I have blogged about these concepts before but thought there was value in creating a couple of clear blog posts covering step by step instructions on 2 good ways to combine multiple Excel Workbooks with Power Query. Both of these approaches require that the Excel files are identical in structure (same column names, same number of columns). The number of rows is not important.
Method 1: Create a custom function – good when you want to reshape the data in the source files.
Combining CSV: I will cover combining CSV files prior to covering Method 2 for Excel.
Method 2: Use the Excel.Workbook Power Query function (covered in a couple of weeks) – good when the data is already in the final shape.
Method 1: Create a Custom Function – High Level Approach
Here are the high level steps to complete this task
- Load one of the Excel workbooks in Power Query and complete the steps in Power Query to reshape the data the way you want it.
- Convert the Query into a custom function and save
- Create a new query that loads all the names of files to be combined, and call the custom function to do the work for you.
1. Load and process one of the workbooks
For this demo, I have 3 identical workbooks that look like this. Each workbook has a name indicating the year (shown as #1 below).
First I create a new blank workbook and connect to one of the files.
Once you select the file you need, select the correct sheet to import and then click EDIT. Note that this process assumes the sheet names in all workbooks are the same.
Complete the transformations you need. In this demo, I am simply unpivoting the month columns to get a better table structure. When you use this approach yourself, simply complete all the transformation steps you need for your data at this point.
2. Convert the Query into a Custom Function
This query is currently a one off query that only works on one specific file. The next step is to convert this to a function so that it an be used to process any file of the same shape.
Rename the query to something that indicates that the query is a function (or will be once the following steps are completed) and also something easy to remember. I tend to call mine fnCombine. Note that Power Query is case sensitive, so you will need to replicate all capitalisation when you call the function later on.

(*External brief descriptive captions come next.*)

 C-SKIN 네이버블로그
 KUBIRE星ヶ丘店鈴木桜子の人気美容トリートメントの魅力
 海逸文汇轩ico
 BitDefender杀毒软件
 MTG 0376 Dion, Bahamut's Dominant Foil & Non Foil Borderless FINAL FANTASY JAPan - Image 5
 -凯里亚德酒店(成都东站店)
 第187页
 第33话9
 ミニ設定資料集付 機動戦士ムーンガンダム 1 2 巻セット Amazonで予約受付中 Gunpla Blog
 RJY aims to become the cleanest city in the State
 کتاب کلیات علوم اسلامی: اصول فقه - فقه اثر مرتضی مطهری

Switch to the Advanced Editor. Click #1 View, #2 Advanced Editor
Most of the code you will see is irrelevant for this exercise. The only thing that matters is the hard coded path and file name for the file processed in the previous steps. The objective now is to turn this hard coded file pathfilename into a parameter. Once this is done, it will be possible to pass any pathfilename to the new function and have the new function process the new file (or multiple files in this case).
The syntax to create a function is pretty simple.
1. Add a line of code before the let statement that accepts parameters into the new function as shown in 1 below. You should ready this line of code as saying “this function accepts 2 parameters (myPath and myFile) and then passes the values from these parameters to the query steps in the function.
The only other change is to replace the hard coded pathfilename in the original query with the parameter values. You will need to delete everything from and including the double inverted quotes (which is the hard coded pathfilename) with the 2 new parameters. Note there is an ampersand (concatenate) between the 2 parameters and there are no double inverted quotes.
Click Done, then File -> Close&Load.
Once you have done this, you will see the query in the Query Pane on the right shows that the query is a Function (shown by the fx symbol next to the query name shown in 1 below).
Intermission – test the function to see how it works
This is not required, but it is useful to test the function now to see how it works.
Right click on the function name in the Query Pane, and select “invoke”. The function then asks for 2 parameters. I tested mine by going to Windows Explorer, then do a cut and paste of the folder path and also the file name. Note that you must have a final slash at the end of the file path name (this will not come across with a standard cut and paste from Windows Explorer).
Once I clicked OK, the new function successfully processed my file “2014.xlsx” even though the query was originally written for the file called “2013.xlsx”
Finally click File-Close and Discard – i.e. don’t save this query.
3. Create a new Query that combines all the files
Now that you have seen how the new function works, the final step is to create a new query that will create a list of all the file path and file names you want to combined. Then pass the pathfilenames to the function one at a time for processing.
First create a new query that provides a list of all the file paths and file names. Click From File (#1) then From Folder (#2). Then navigate to the folder that contains all your files to combine and click OK.
The query will provide you quite a few columns of data, but the only ones needed are #1 Folder Path and #2 File Name.
Select these 2 columns and then click “remove other columns”.
You will then have exactly the information you need to pass to the function written above (#1 and #2 below).
Now add a new custom column and call the function from this column. Click #3 Add Column then #4 Add Custom Column. The formula for the custom column is shown below. You simply type the name of the function and pass the 2 parameters to the function. Note there is a comma between the 2 column names and not an ampersand. Note the format is identical to the first line of code added to the custom function way back in step 2.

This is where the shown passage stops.